After finding the line with "Optical image for SWIFT J1510.9+0547" in the data below, set down exactly each line through the one with "A lease checklist", inclusive, and stop there.

→ **Working data**:
+++++
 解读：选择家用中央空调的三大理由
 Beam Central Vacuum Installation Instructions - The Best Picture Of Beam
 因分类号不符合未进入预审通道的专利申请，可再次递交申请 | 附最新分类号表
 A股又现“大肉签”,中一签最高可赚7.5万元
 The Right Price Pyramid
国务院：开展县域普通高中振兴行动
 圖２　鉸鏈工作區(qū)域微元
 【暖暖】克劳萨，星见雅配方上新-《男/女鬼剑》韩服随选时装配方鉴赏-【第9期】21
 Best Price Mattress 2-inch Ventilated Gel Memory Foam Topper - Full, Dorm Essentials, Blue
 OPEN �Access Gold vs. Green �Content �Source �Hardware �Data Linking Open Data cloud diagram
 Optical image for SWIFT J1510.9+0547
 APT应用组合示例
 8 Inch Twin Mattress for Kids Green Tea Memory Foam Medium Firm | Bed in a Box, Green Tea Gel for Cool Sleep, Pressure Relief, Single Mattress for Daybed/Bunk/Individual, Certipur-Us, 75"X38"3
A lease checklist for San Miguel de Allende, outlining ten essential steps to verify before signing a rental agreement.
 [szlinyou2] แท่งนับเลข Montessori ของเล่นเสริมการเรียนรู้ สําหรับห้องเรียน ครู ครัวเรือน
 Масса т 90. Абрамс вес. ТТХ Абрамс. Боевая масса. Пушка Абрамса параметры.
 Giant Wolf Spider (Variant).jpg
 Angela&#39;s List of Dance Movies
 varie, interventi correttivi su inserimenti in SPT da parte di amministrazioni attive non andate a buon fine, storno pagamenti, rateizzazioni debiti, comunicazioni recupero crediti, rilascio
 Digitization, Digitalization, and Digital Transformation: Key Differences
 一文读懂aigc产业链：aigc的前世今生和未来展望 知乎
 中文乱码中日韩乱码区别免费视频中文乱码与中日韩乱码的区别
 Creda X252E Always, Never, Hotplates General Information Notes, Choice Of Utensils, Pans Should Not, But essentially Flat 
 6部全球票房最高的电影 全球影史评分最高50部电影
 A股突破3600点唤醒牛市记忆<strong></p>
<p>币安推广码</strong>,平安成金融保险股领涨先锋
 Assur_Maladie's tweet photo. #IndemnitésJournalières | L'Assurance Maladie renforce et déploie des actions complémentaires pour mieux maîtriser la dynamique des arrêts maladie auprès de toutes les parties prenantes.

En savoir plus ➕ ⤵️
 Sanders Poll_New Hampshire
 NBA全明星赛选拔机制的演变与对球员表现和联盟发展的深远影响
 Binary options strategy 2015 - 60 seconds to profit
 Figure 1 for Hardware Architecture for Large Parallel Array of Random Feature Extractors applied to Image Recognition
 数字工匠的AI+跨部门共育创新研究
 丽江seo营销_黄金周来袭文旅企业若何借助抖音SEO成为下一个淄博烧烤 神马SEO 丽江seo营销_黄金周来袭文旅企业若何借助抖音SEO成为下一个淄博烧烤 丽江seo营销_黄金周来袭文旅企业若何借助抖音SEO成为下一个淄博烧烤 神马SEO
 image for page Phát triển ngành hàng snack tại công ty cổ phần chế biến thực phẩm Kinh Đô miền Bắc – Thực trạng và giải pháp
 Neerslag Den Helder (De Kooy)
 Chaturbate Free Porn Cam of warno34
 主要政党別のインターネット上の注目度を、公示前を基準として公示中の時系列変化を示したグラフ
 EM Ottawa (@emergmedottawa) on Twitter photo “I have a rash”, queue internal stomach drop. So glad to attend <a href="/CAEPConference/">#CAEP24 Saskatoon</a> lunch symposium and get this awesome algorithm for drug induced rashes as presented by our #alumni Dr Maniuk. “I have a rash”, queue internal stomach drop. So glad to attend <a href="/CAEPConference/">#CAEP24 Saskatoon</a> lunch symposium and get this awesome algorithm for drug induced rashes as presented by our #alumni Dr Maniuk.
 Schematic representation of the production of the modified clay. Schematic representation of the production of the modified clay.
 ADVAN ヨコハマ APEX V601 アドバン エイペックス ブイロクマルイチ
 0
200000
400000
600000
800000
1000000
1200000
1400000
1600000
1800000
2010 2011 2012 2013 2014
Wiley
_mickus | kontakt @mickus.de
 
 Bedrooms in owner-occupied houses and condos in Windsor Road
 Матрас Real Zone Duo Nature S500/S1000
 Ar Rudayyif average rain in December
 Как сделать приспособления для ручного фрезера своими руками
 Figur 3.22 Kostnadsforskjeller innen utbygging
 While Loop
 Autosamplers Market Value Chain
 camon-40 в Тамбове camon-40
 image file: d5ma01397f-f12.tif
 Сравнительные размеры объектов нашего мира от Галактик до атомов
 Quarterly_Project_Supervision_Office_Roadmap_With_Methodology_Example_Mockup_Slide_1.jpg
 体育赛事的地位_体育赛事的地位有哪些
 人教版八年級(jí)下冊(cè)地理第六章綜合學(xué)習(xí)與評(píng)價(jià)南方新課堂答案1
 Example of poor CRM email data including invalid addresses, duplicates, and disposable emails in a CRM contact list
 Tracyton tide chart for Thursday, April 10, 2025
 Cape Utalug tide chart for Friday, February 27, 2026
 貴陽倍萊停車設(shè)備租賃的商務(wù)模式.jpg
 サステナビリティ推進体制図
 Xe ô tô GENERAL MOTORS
+++++
→ **Exercise output**:
 Optical image for SWIFT J1510.9+0547
 APT应用组合示例
 8 Inch Twin Mattress for Kids Green Tea Memory Foam Medium Firm | Bed in a Box, Green Tea Gel for Cool Sleep, Pressure Relief, Single Mattress for Daybed/Bunk/Individual, Certipur-Us, 75"X38"3
A lease checklist for San Miguel de Allende, outlining ten essential steps to verify before signing a rental agreement.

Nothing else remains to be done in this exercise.